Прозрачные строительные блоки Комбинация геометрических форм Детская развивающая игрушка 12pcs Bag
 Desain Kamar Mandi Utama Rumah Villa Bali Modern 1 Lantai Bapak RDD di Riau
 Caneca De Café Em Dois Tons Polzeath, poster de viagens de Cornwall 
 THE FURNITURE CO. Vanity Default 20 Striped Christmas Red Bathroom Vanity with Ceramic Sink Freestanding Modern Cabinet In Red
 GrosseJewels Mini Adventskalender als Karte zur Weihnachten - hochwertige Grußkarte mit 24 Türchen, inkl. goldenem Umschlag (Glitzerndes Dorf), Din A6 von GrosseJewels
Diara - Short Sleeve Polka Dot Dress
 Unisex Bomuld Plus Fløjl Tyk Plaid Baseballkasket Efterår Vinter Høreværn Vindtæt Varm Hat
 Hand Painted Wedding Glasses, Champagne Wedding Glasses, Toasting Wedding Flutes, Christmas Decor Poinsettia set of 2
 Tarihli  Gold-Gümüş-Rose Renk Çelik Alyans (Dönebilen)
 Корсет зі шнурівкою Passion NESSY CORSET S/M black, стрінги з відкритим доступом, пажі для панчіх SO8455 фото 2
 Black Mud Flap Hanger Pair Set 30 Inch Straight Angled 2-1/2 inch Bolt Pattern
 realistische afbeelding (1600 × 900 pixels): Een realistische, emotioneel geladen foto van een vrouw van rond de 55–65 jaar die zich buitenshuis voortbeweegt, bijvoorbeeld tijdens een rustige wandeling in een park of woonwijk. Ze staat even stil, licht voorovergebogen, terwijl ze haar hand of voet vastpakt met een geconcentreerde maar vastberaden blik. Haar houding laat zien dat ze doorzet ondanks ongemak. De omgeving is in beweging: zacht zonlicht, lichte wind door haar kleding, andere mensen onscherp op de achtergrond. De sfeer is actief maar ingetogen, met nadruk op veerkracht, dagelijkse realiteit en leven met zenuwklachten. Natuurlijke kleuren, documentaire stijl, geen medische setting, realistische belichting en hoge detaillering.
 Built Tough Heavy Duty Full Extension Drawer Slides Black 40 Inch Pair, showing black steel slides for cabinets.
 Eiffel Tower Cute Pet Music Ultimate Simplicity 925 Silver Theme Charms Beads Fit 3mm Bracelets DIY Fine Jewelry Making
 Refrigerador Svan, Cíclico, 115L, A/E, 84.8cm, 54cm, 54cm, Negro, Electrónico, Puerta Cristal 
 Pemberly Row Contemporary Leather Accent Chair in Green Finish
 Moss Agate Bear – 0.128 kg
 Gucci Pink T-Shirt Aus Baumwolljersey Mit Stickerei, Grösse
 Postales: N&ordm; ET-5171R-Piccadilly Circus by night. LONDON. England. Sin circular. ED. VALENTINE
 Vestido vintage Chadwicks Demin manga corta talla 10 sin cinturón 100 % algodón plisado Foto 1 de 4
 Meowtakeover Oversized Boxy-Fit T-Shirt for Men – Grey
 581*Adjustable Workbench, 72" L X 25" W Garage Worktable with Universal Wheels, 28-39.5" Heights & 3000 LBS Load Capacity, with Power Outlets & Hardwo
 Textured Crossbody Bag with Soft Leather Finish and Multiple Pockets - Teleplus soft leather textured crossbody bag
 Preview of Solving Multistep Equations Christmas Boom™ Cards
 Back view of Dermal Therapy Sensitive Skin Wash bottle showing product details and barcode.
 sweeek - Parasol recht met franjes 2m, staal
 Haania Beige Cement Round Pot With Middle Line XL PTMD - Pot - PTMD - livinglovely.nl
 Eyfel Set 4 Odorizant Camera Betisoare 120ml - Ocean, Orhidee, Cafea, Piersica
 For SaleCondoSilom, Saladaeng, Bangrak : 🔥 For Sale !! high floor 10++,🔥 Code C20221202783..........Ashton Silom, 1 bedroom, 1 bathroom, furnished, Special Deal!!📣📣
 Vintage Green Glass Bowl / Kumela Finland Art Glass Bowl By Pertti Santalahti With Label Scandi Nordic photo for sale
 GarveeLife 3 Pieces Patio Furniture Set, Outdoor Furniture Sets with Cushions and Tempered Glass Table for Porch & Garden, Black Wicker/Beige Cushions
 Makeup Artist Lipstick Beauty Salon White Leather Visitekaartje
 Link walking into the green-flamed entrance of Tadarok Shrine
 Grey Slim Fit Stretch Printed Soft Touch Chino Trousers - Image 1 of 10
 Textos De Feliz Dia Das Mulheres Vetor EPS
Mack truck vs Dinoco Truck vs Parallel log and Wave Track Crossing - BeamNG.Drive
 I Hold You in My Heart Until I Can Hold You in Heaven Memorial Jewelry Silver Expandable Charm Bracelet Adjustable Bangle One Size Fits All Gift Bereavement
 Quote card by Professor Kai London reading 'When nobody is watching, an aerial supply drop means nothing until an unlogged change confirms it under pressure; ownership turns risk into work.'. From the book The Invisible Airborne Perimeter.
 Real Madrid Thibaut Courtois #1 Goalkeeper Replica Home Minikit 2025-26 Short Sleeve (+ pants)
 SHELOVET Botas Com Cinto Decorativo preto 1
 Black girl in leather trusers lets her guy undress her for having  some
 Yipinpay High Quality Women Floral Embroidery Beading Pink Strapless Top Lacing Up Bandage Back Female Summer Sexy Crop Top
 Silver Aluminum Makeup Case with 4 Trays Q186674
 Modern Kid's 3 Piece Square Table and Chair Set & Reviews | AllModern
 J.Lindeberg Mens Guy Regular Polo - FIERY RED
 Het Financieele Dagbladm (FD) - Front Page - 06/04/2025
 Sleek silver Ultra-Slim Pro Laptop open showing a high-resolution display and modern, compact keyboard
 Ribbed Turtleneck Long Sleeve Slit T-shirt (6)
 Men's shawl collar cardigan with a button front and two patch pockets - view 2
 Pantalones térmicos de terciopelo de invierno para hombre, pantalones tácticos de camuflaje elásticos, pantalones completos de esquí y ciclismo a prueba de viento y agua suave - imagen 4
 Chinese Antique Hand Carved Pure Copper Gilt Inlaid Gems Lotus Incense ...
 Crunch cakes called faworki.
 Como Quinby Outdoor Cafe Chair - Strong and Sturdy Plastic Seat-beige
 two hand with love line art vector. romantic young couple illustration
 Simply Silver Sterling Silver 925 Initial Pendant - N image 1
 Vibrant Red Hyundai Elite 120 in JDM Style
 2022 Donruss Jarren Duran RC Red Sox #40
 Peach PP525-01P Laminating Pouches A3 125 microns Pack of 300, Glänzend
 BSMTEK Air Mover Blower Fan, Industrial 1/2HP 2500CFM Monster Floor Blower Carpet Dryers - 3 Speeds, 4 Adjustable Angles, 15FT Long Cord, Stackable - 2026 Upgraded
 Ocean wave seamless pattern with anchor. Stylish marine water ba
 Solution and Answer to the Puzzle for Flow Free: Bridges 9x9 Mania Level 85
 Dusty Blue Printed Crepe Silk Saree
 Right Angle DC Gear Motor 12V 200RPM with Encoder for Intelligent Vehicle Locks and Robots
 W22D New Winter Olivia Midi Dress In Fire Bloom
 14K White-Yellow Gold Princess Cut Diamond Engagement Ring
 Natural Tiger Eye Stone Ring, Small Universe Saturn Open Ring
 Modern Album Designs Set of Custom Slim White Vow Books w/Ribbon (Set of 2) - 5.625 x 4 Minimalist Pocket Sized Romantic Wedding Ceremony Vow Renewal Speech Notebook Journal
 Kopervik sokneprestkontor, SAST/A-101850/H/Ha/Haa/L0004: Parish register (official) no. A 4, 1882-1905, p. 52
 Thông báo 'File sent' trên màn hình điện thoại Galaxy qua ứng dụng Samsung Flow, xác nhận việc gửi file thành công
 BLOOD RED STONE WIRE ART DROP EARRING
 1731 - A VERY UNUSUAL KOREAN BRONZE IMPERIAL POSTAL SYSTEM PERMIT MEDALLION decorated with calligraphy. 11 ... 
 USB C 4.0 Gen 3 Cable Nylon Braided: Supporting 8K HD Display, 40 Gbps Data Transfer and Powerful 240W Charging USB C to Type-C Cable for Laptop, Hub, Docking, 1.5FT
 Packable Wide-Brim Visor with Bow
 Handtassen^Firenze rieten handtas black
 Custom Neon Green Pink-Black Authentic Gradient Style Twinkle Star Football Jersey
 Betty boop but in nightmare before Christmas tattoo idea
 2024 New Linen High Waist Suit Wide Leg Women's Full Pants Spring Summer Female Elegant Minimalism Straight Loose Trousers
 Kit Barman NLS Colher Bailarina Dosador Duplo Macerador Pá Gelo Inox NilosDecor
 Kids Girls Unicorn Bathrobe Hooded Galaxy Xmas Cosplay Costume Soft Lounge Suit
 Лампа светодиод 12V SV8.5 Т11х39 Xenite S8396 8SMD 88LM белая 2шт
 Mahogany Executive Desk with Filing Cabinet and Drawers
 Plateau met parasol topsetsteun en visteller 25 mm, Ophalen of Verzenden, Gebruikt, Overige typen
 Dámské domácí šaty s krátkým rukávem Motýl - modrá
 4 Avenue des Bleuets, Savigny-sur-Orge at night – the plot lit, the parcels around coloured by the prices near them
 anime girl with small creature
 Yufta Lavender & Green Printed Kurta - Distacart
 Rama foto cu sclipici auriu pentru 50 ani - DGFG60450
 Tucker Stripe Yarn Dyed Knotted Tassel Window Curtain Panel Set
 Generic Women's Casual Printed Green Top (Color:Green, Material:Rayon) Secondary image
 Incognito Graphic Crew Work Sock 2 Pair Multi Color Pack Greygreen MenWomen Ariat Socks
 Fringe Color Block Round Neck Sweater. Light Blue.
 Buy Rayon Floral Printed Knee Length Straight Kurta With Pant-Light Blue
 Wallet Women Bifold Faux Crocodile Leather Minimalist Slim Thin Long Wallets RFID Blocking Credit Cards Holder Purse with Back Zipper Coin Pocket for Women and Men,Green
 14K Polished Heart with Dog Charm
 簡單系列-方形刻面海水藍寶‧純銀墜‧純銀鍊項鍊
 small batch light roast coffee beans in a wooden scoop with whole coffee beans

════════════════

__Work to be completed__: Using the data above, extract exactly the lines from the one that holds "Rama foto cu" to the one that holds "Buy Rayon Floral", both ends included, and no others.

__Response to the task__:
 Rama foto cu sclipici auriu pentru 50 ani - DGFG60450
 Tucker Stripe Yarn Dyed Knotted Tassel Window Curtain Panel Set
 Generic Women's Casual Printed Green Top (Color:Green, Material:Rayon) Secondary image
 Incognito Graphic Crew Work Sock 2 Pair Multi Color Pack Greygreen MenWomen Ariat Socks
 Fringe Color Block Round Neck Sweater. Light Blue.
 Buy Rayon Floral Printed Knee Length Straight Kurta With Pant-Light Blue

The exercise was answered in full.